We saved the results in a worksheet named “Sig. I - Type 1 t-test” in the same Excel file AML_uneqvar.xlsx using the following commands
write.xlsx(sig.res1.I.t, file="AML_uneqvar.xlsx", sheetName = "Sig.
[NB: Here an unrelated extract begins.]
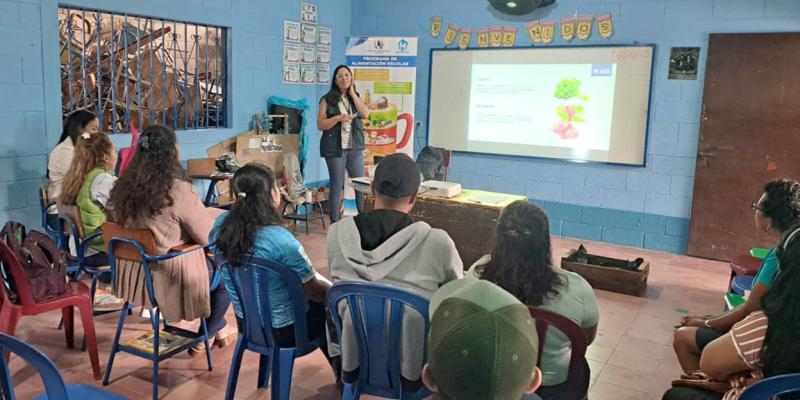 Sansare siembra futuro con huertos escolares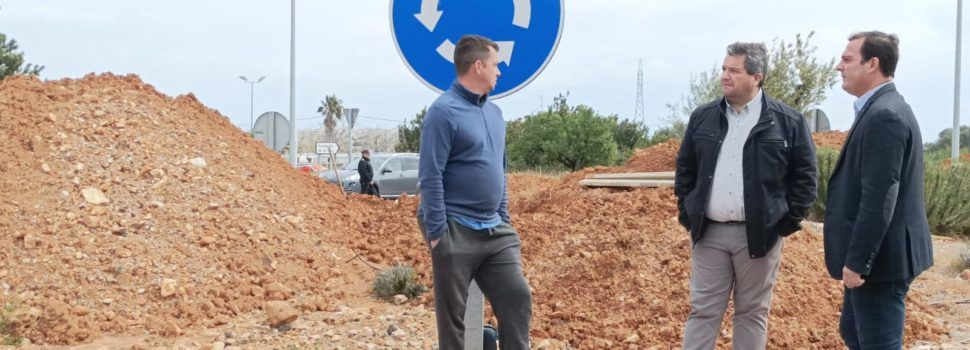 Peníscola embelleix el seu accés per carretera amb un homenatge al sector pesquer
I - Type 1 t-test", row.names = F, append = T)
Next we perform the step 2 (confirmatory) test to identify the isoforms of these 782 genes that are differentially expressed using function mc.step2.Waldtest
and save the object final.res1.wald
returned by the function in a file called AML_outcome_uneqvar_type1_step2_Wald.RData
under subfolder output
final.res1.wald <- mc.step2.Waldtest(data=data, VarCov.type="uneqvar", nCore = NULL, file.step1="output/AML_outcome_uneqvar_type1.RData", alpha=0.05, method="homl")
save(final.res1.wald, file="output/AML_outcome_uneqvar_type1_step2_Wald.RData")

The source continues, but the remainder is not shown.